O problema é que, contrariamente aos espectaculares colapsos na distribuição de energia ocorridos no passado naqueles sítios onde se deixa o mercado funcionar, a causa maior para este fiasco na África do Sul, e como o próprio presidente Thabo Mbeki já veio reconhecer, parece ter sido um excesso de regulação, ao restringirem-se os investimentos de substituição para valorizar mais a Eskom na fase da sua privatização… Mas há outras explicações...

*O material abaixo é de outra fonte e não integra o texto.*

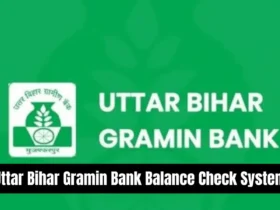 Uttar Bihar Gramin Bank Balance Check System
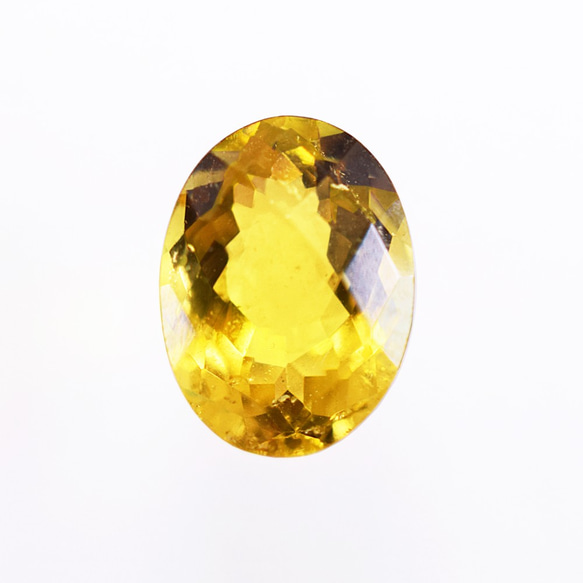 カナリートルマリン  1.445ct  (395041)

Não deixa de ser irónico que seja a mesma Eskom, representando os interesses sul-africanos que, durante décadas a fio, e por interpostos agentes, bloquearam os circuitos de distribuição da electricidade de Cahora Bassa, que se veja agora na contingência de concluir que a capacidade instalada de produção de energia eléctrica disponível em toda a África austral não chega para satisfazer as suas necessidades…
(Um agradecimento especial ao Miguel Lopes pelo envio dos cartoons que serviram de inspiração ao poste)

1 comentário:

  1. Uma nota de 100.000 dolares é uma realidade absolutamente patética.

    "E Depois do Adeus" é uma frase ambígua que, salvo melhor opinião, só foi protagonista da História de Abril, porque dava o título a uma canção em voga nessa data.
    Todavia, neste caso considero-a muito bem aplicada.